I am trying to mimic an EEPROM on the MSP430 FR5739 FRAM microcontroller by having the MSP430 act as the SPI slave device (in 4-wire mode). I have verified that the SPI and the FRAM are working as they should, except that the SPI is not responding quick enough. What is happening now is that the MSP430 is not getting the instructions from the master quick enough, and thus, making the MSP430 out of sync
I have done this before on a different microcontroller, but I switched to the TI microcontroller because the EEPROM R/W is much faster on this model microcontroller. However, in the last microcontroller, I was able to speed up the CPU's instruction processing frequency to 32 MHz, whereas I can only bring the instruction processing frequency up to the internal oscillator frequency of 24 MHz.
Currently, I have an interrupt for the SPI SS pin, the SPI transmit interrupt, and the SPI receive interrupt. In order to stay consistent with the previous microcontroller functionality, I would like to initiate an interrupt as soon as the SPI receive buffer has received data. This is how I have the interrupt set up for the receive:
#pragma vector=USCI_A0_VECTOR
__interrupt void USCI_A0_ISR(void)
{
volatile unsigned int i;
switch(__even_in_range(UCA0IV,0x04))
{
case 0: break; // Vector 0 - no interrupt
case 2:
while ((P1IN & SPI_SS) != 0);
RXData = UCA0RXBUF;
UCA0IFG &= ~UCRXIFG;
__bic_SR_register_on_exit(CPUOFF);// Wake up to setup next TX
break;
case 4:
//while ((P1IN & SPI_SS) != 0);
while (!(UCA0IFG&UCTXIFG)); // USCI_A0 TX buffer ready?

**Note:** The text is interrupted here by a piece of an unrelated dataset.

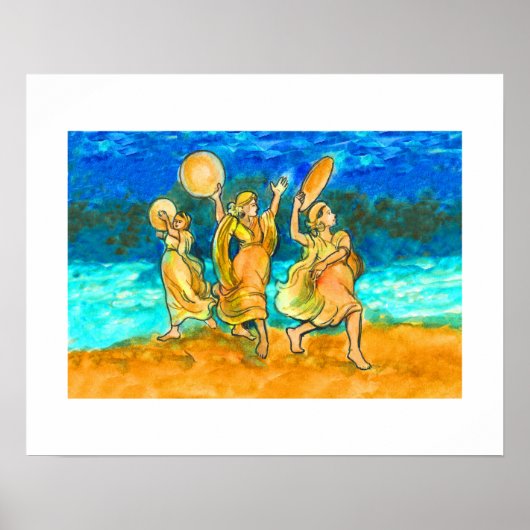 Poster Le chant de la mer de Miriam (Devant)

UCA0TXBUF = TXData; // Transmit characters
UCA0IE &= ~UCTXIE;
break;
default: break;
}
}
I also wish to run it at the code at the same speed as the last microcontroller, which was at 32 MHz. The good news is that while the last microcontroller had a shared buffer for the send and receive, the MSP430 has two separate buffers. I am also somewhat familiar with DMA, but I am still unfamiliar with the functionality of the module. Does anyone out there have any suggestions?